53

I was thinking to myself that the line breaking problem must be somewhat solved by someone, but maybe not widely adopted. Being forward thinking, I went to search to see if there was a platform independent unicode method to separate lines. In my search I found unicode character 2028. Then, I found Jeff Atwoods post on this topic where he mentions that he's "...not sure under what circumstances you would want those Unicode newline markers."

Well, me too. I did a little digging in the C# source code and it looks like LS (x2028) is not supported by TextReader.ReadLine() and it is also not supported in Java's BufferedReader.ReadLine(). So, my conclusion is that it is not widely supported.

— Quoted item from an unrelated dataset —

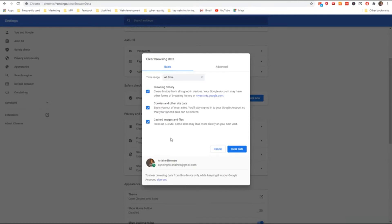When you do click on Clear Cookies, it will delete all your usernames and passwords from memory. Therefore, the next time you access the website, you will need to re-input your username and password.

I would love to have a bright future where I can write files using a single format in Linux, MacOS and Windows. Does this little character have promise? What is it currently used for?

Elijah
  • 13,368
  • 10
  • 57
  • 89

2 Answers2

15

Nicked from McDowell’s comment on the same page, and indirectly from the Unicode docs:

Traditionally, NLF started out as a line separator (and sometimes record separator). It is still used as a line separator in simple text editors such as program editors. As platforms and programs started to handle word processing with automatic line-wrap, these characters were reinterpreted to stand for paragraph separators. For example, even such simple programs as the Windows Notepad program and the Mac SimpleText program interpret their platform’s NLF as a paragraph separator, not a line separator.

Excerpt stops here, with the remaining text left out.